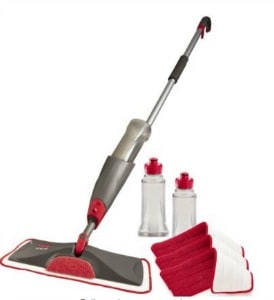 reveal mop rubbermaid spray kit off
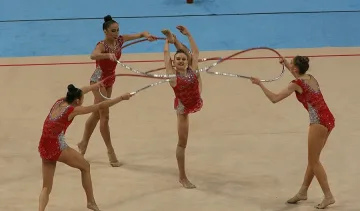 Двойно злато за грациите в "Арена Армеец"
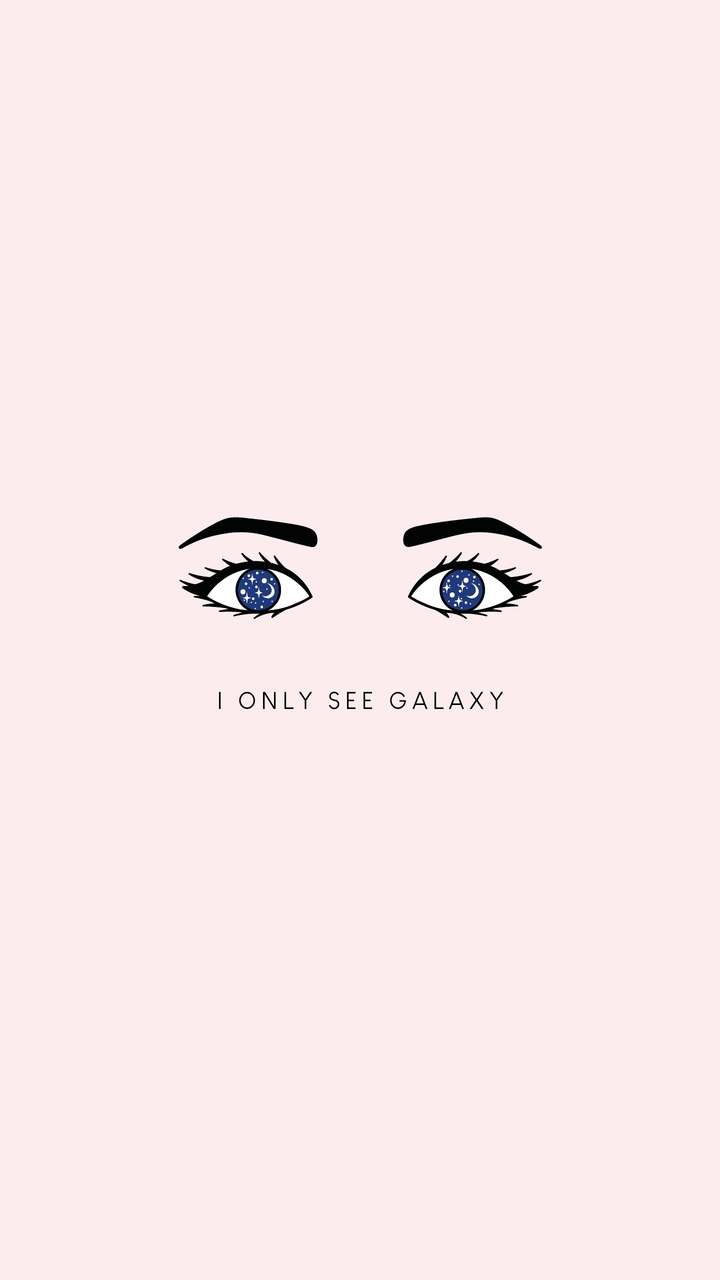 I only see galaxy
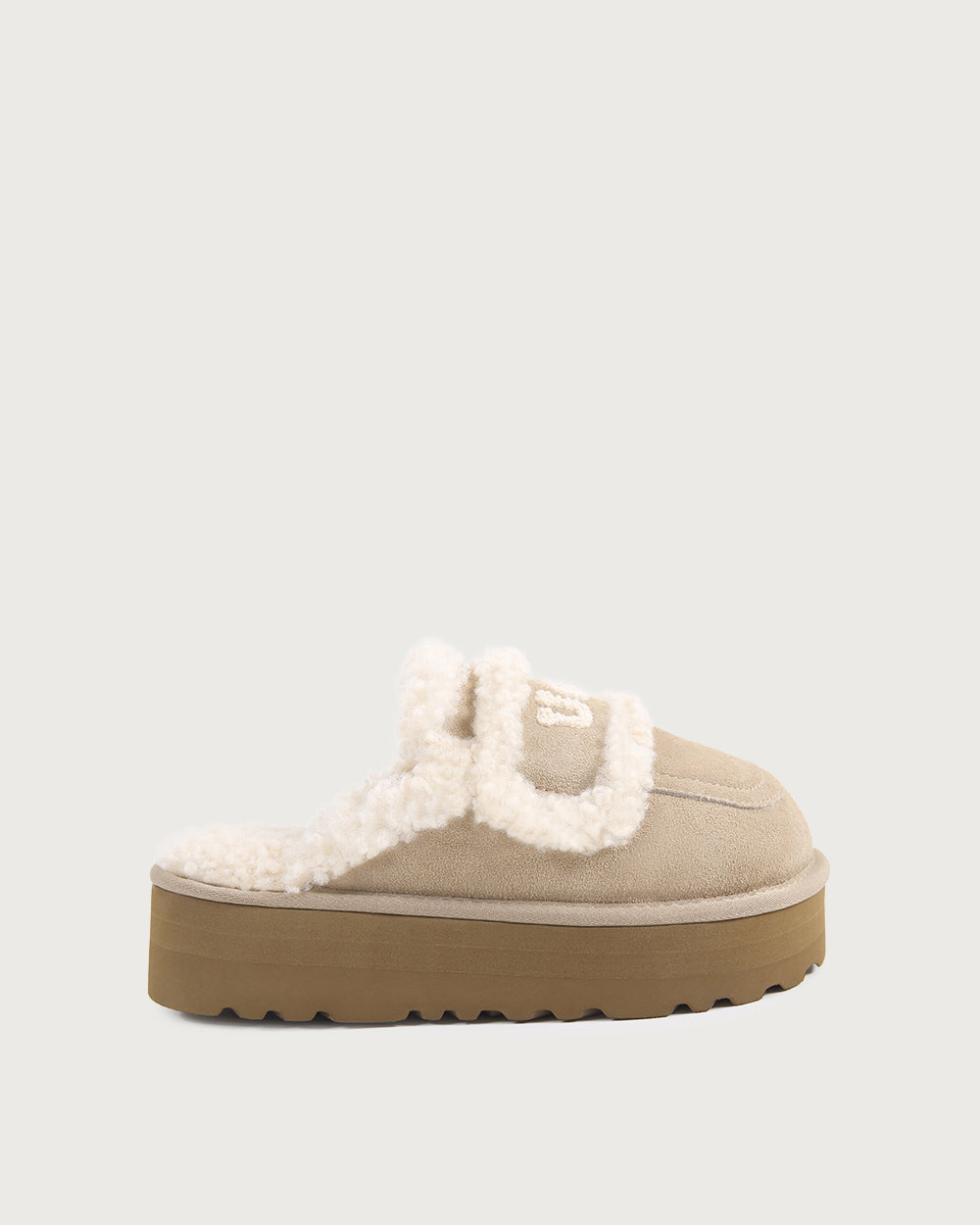 Platform Logo Slipper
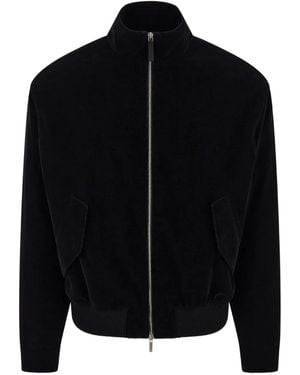 Ferragamo Corduroy Jacket - Black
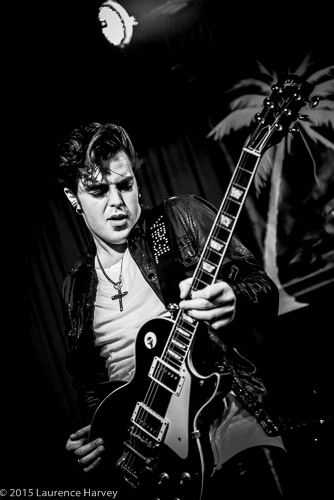 Virgil McMahon on vocals & guitar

THE TASK :: Only the lines from the line that contains "Двойно злато за" through the end of the entries are to be written out, exactly and without pictures, both ends included.

EXERCISE OUTPUT ::
 Двойно злато за грациите в "Арена Армеец"
 I only see galaxy
 Platform Logo Slipper
 Ferragamo Corduroy Jacket - Black
 Virgil McMahon on vocals & guitar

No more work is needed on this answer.